In Berlin wurden gerade die Grünen abgestraft, weil sie zu tugendhaft daherkommen sind. Hoch gewonnen hat dafür die rebellische Piratenpartei. Darf man Leuten vorschreiben, gegen Zigaretten, dicke Autos und schlechtes Essen zu sein?

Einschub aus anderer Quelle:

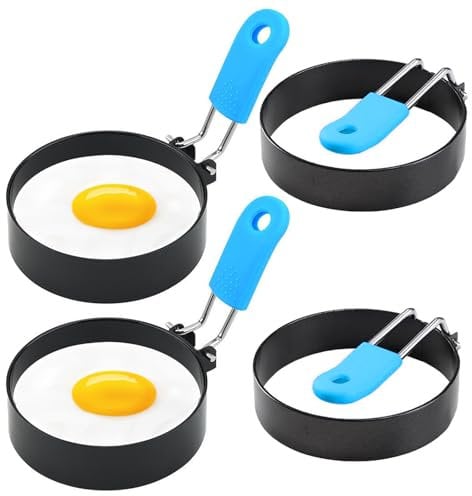 4pcs Egg Rings for Frying, Stainless Steel Egg Rings with Anti-Scald Folding Handle, Non Stick Fried Egg Rings for Household Kitchen Cooking Egg Frying Breakfast Mini Burger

Es stimmt, dass man schnell in den Verdacht gerät, moralinsauer zu sein. Man muss aber unterscheiden zwischen einem moralischen Kanon à la 1950er – und der legitimen Frage, ob mein Verhalten das Wohlbefinden anderer beeinträchtigt oder sogar Lebensraum zerstört. Die Grünen haben Fehler gemacht. Tempo 30 im gesamten Stadtgebiet – wer über eine Mindestration politischen Überlebenswillen verfügt, kommt vor einer Wahl nicht mit so einem Vorschlag. Die Piraten haben ihren Erfolg aber weniger den Fehlern der Grünen, sondern ihrer Nähe zum Internet zu verdanken. Mit Unmengen an Twitter-Freunden und deren Freunden konnten sie eine Masse mobilisieren, die die Wahl entscheidend beeinflusst hat.

Die Thesen

Punkt 1

Verbrechen durch Unwissenheit

Man weiß, wie die Tiere gehalten werden, aber man weiß es nicht genau. Auch wenn ich Fleisch einkaufen ging, dachte ich, es könne sein, dass die Tiere schlecht behandelt worden sind, aber ich wusste es nicht so konkret. Nach meinem Selbstversuch weiß ich: Die Tiere, die für dieses Fleisch gestorben sind, sind gequält worden. Und zwar alle. Das ist ein richtiges Verbrechen, und ich möchte daran nicht mehr beteiligt sein.

Punkt 1

Fleisch muss teurer werden

Zum ersten Mal in der Geschichte der Menschheit essen Arme mehr Fleisch als Gutverdiener. Fleisch ist ein Schrottlebensmittel geworden, es ist viel zu billig und muss teurer werden. Wenn Fleisch weiterhin so rücksichtslos hergestellt wird, braucht man sich nicht zu wundern, wenn es sich auch negativ auf den Verbraucher auswirkt – etwa durch Gammelskandale.

Punkt 3

Nichts spricht fürs Weitermachen

Wir wissen, dass die Klimakatastrophe wirklich teuer wird und dass sie das Überleben auf diesem Planeten infrage stellt. Unser Gesundheitssystem kollabiert, selbst konservative Mediziner sagen, wir essen drei Mal so viel Fleisch, wie wir essen sollten. Das sind echte Argumente. Es spricht nichts dafür, so weiterzumachen wie bisher.